Earlier, he said he had an “obligation to help free people from oppression”. It emerged last week that US agencies were gathering millions of phone records and monitoring internet data.
A spokesman for the US Office of the Director of National Intelligence said the case had been referred to the Department of Justice as a criminal matter.
Meanwhile a petition posted on the White House website, calling for Mr Snowden’s immediate pardon, has gathered more than 30,000 signatures.
He was revealed as the source of the leaks at his own request by the UK’s Guardian newspaper.
Hong Kong’s broadcaster RTHK said Mr Snowden checked out of the Mira hotel on Monday. Reuters news agency quoted hotel staff as saying that he had left at noon. Ewen MacAskill, a Guardian journalist, told the BBC he believed Mr Snowden was still in Hong Kong.

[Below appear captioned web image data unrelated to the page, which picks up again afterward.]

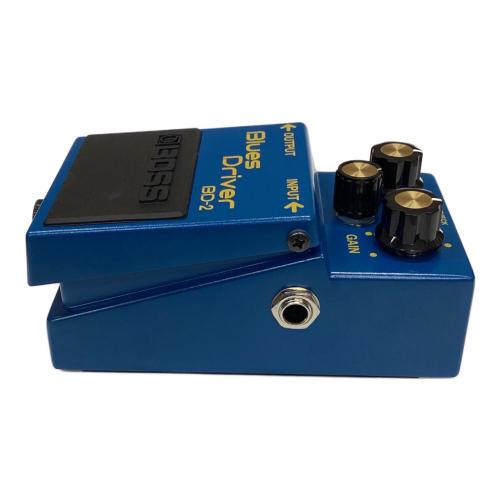 BOSS (ボス) Blues Driver BD-2 オーバードライブ 箱・取説付  マレーシア製 動作確認済み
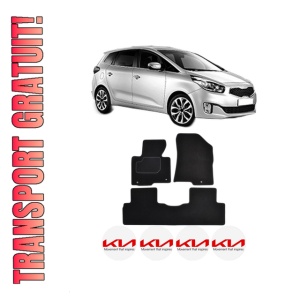 Set Covorase Presuri KIA CARENS IV din 2013-2016, Auto, Material Textil Mocheta, KIA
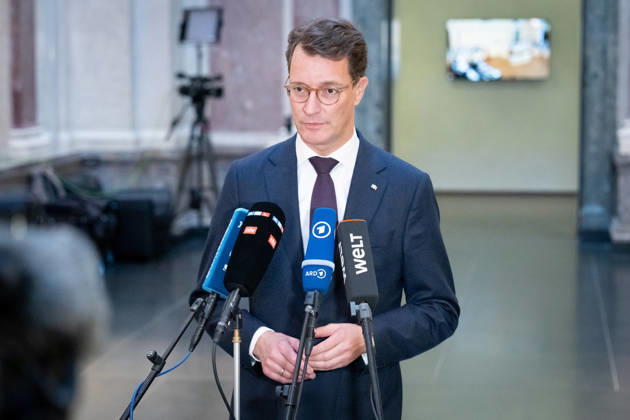 Sitzung, Bundesrat, Berlin, Ministerpräsident, Hendrik Wüst Sitzung, Bundesrat, Berlin, Ministerpräsident, Hendrik Wüst Berlin Berlin GER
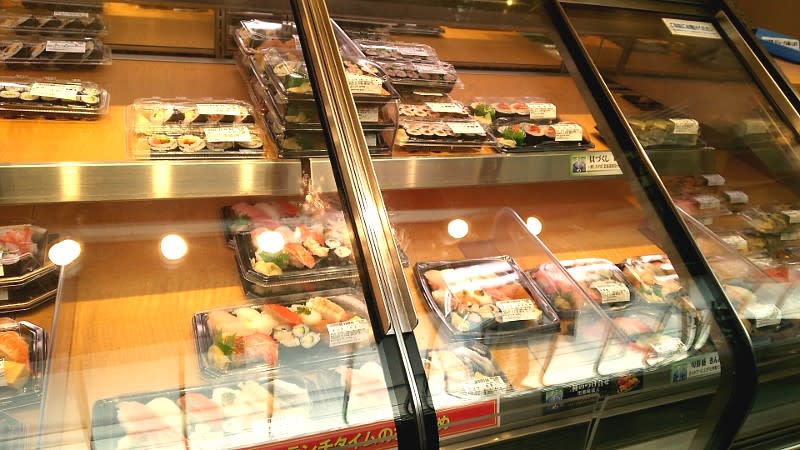 ちよだ鮨横浜橋店:店頭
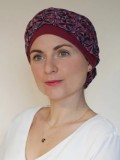 voorgevormde chemo sjaals - top mano shiny pink
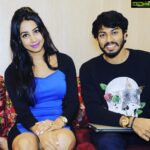 Sanjjanaa Instagram - Ohh look who’s all grown up n ready to rock the screen It’s our favourite producer k Manju Anna son @shreyaskmanju who looks promising in this song and good luck to the man who’s directing this #paddehuli @gurudeshpande Looking forward for the movie Check out his song on the link below and show him your love guys https://youtu.be/FNzoLyWXrw4 Mumbai, Maharashtra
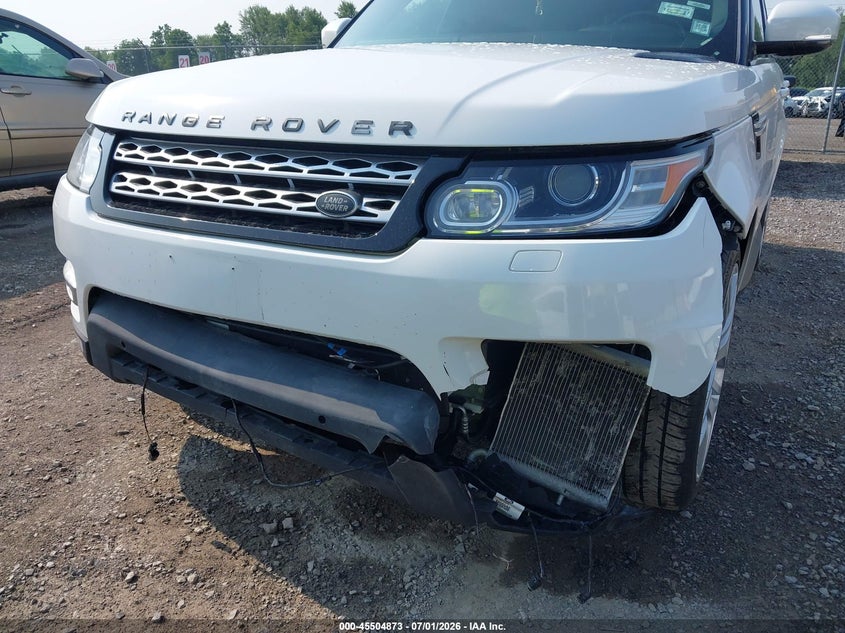 2014 Land rover Range rover sport VIN SALWR2WF9EA331449 IAAI salvage auction — LEFT FRONT, Mv-907A (New York), sold $3,700 on 2026-07-30 (photo 6)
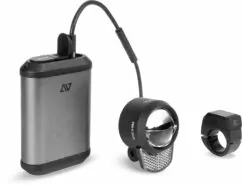 Acid Front Light Pro-E 200 Hb Powerbank Black/Space - Grey/Black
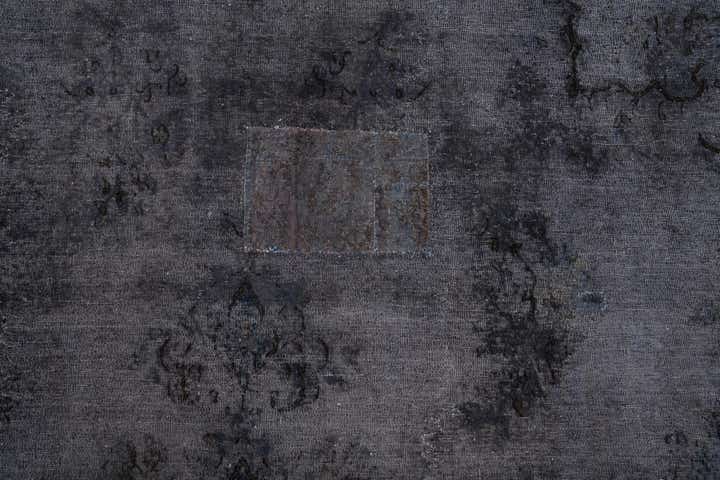 9' 3 x 13' 9 Hand Knotted Ultra Vintage Persian Wool Rug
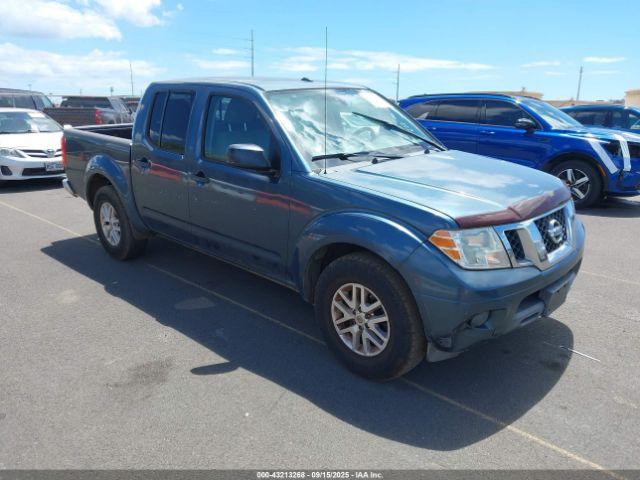  Salvage Nissan Frontier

Hong Kong – a Chinese territory – has an extradition treaty with the US, although analysts say any attempts to bring Mr Snowden to America may take months and could be blocked by Beijing.
Mr Snowden is believed to have arrived in Hong Kong on 20 May. A standard visa on arrival in the territory for a US citizen lasts for 90 days.

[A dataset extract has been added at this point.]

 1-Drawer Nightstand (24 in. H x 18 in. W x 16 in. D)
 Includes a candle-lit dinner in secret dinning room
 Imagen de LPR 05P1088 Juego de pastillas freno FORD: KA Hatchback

His revelations have caused transatlantic political fallout, amid allegations that the UK’s electronic surveillance agency, GCHQ, used the US system to snoop on British citizens.
Foreign Secretary William Hague cancelled a trip to Washington to address the UK parliament on Monday and deny the claims.
Mr Snowden is described by the Guardian as an ex-CIA technical assistant, currently employed by Booz Allen Hamilton, a defence contractor for the US National Security Agency (NSA).
He told the newspaper: “The NSA has built an infrastructure that allows it to intercept almost everything. With this capability, the vast majority of human communications are automatically ingested without targeting.
“If I wanted to see your emails or your wife’s phone, all I have to do is use intercepts. I can get your emails, passwords, phone records, credit cards.
“I don’t want to live in a society that does these sort of things. I do not want to live in a world where everything I do and say is recorded.”